Sydney City Trash is a Sydney-based Country/Punk band consisting of Mitch Hell (vocals, lyrics),  "Browny" Brown (lead guitar), Paddy Finn McHugh (rhythm guitar), Jamie "Jim Mongrel" Skjeme (bass), James Eric Bones (fiddle, mandolin) and Austin Ringo Citizen (drums). Three of its six members grew up in the small town of Tamworth in rural New South Wales, which is also Australia's Country Music Capital and their country roots are frequently reflected in the band's lyrics. The band has been described as the saviours of Australian Country, and is widely respected for its bitingly satirical and dense storytelling lyrics. To date, the band has released three studio albums: Classic Country Hits (2004), Once Upon A Time in Australia (2006)and Terror Australis (2009).

History

Vocalist and Lyricist Mitch Hell was raised in Tamworth in rural New South Wales. After moving to Sydney and fronting various punk, straight edge, hardcore and Oi! bands he met up with former high school mate and fellow Tamworth survivor Paddy 'Toots' McHugh in spring of 2001. The pair wrote their first song the now infamous 'Whiskey in the Sun' in the early 2002 and recorded several incarnations of this song over the next year mostly as a joke, poking fun of where they were raised. However it wasn’t until 2003 with the addition of another Tamworth survivor Browny "Barbecue" Brown the band really started taking shape.
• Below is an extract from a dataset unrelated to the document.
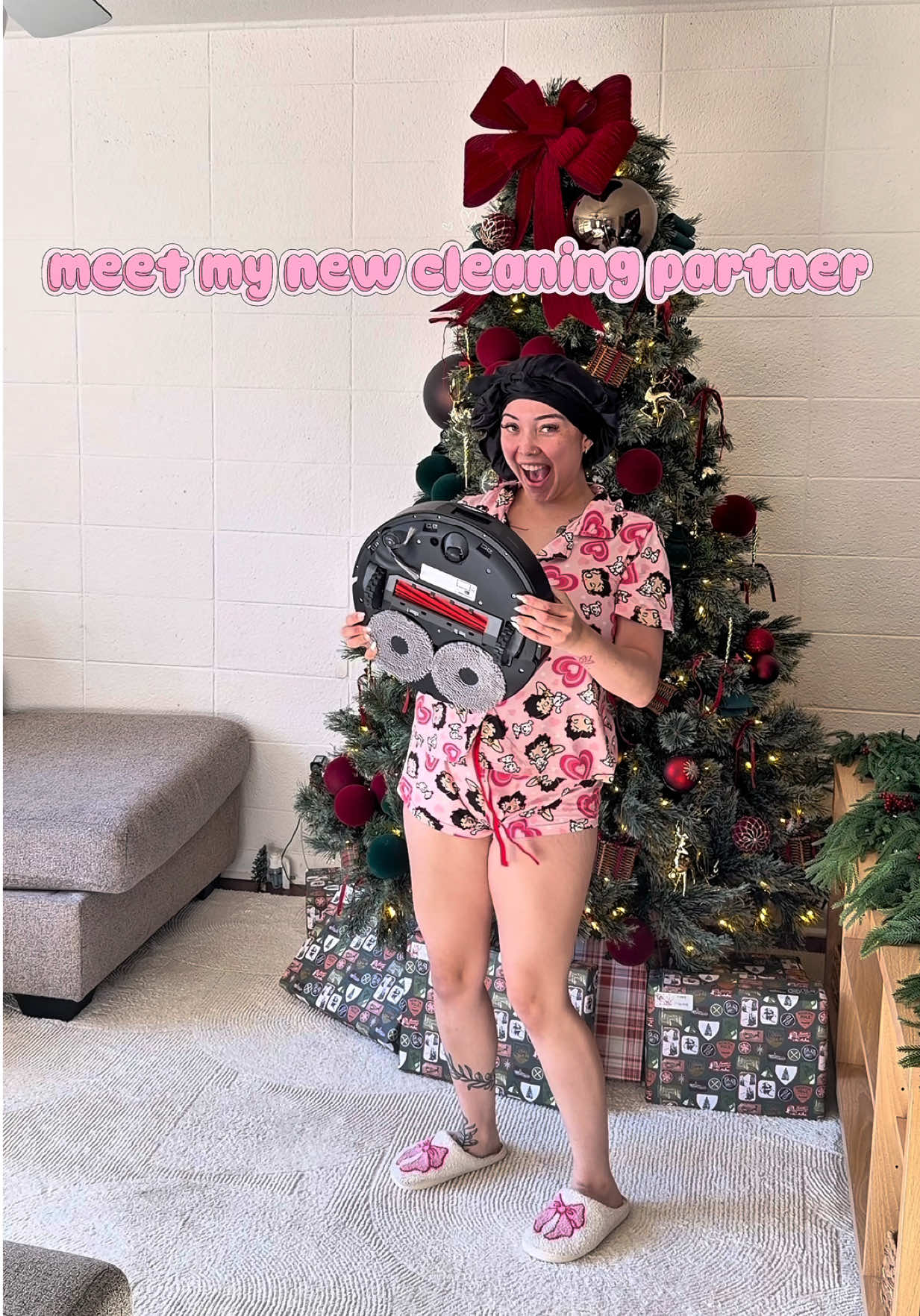 TikTok post by @miafaithe for Roborock. Caption reads: My new bestie 🤪😍Check the @RoborockUS QV35S in....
The three Tamworth boys dragged in whatever musicians they could find and busked on the streets of Tamworth during the 2003 Country Music Festival, playing mainly covers by Merle Haggard, David Allen Coe, The Descendents and The Clash. After the festival and inspired by the thrill of performing the boys went into 'Hilltop Studios' in Tamworth to record a demo with the idea of getting a real band together.
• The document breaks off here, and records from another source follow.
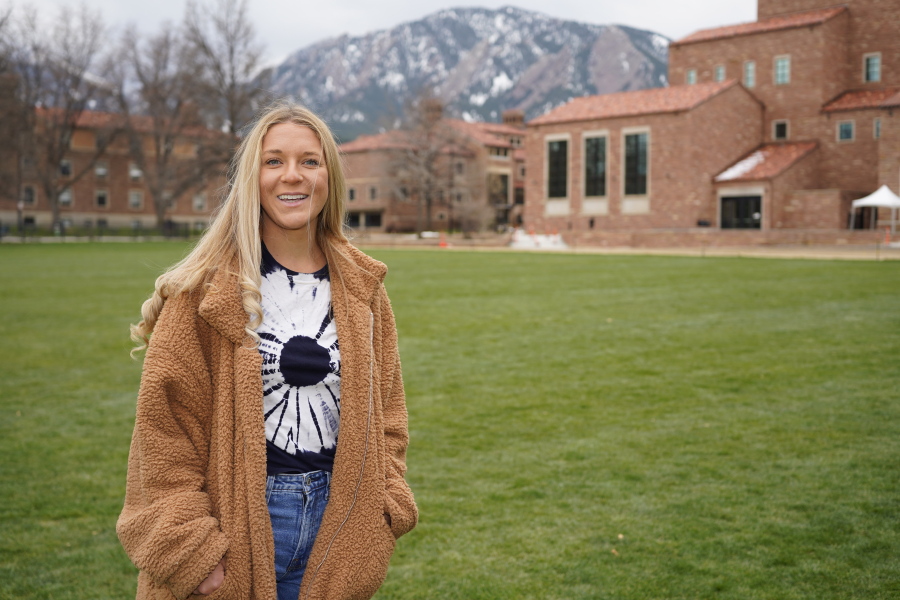 In this April 23, 2021, photo Sydney Kramer, a graduate student at the University of Colorado, poses for a photo on the campus in Boulder, Colo. Kramer is typical of many new Colorado arrivals. The 23-year-old moved to the university town of Boulder in January to begin graduate studies in atmospheric and oceanic sciences. She could have stayed in Miami, a natural location for someone of her interests and where she finished her undergraduate studies. But Kramer was depressed by Florida's anti-science turn under Republican state control.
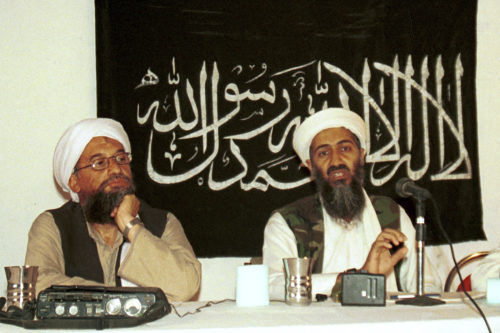 two islamic men sit at a table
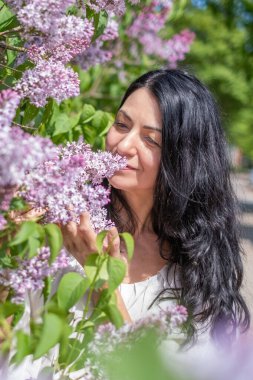 Bayan leylak çiçeklerinin kokusunu sever, açık havada sakin bir an, sakin bir bahar sahnesi, çiçek açan güzellik, rahatlama konsepti.
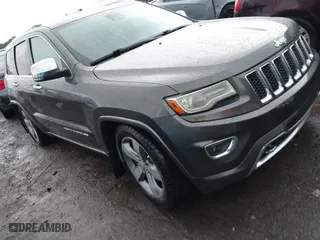 2014 Jeep Grand Cherokee Overland with VIN 1C4RJFCT2EC146239, listed as a IAAI auction lot 41368514 with 164,239 mi miles. Bid and sale history available at carsss.com. Image 1.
The demo worked and by mid-2003 the boys had recruited a drummer Angus Howie (also a Tamworth survivor) a bass player Pig Barnett and even a fiddle player Jim Eric Bones whom was then playing guitar for death metal band Punisha. All six of the boys rehearsed and in late 2003 went back into 'Hilltop Studio' to record their first EP the now legendary "Classic Cuntry Hits."

Over the next year the boys worked hard playing any gig going and writing as much as possible. They became inspired by old Australian bush and folk bands such as Redgum, Roaring Jack and Dingo. They were also heavily influenced by Celtic punk bands such as the Pogues and Flogging Molly. All these influences were used and shaped to make the band's first full-length album 'Once Upon A Time in Australia' which was released on Scott Mac of Toe to Toe's label Sold Our Souls. The album was released to much success and sold over 5,000 copies. Off the back of this the boys played across Australia with a plethora of local and international bands.

Continuing to work hard the boys suffered some casualties of the road. They lost drummer Angus Howie to the glitzy world of TV Ratings and he was replaced by Irish Austin Citizen. With a new energy the boys set about writing for their next album.

Another set back was the loss of the unflappable Pig on bass. R.I.P brother. He was replaced with good friend Jim Mongrel from various south coast punk bands, most notably Run For Cover.

It was with this new line up the boys went in to record at the 'Brain Studios' in Surry Hills, Sydney in early 2009 producing the third and final full-length album 'Terror Australis'.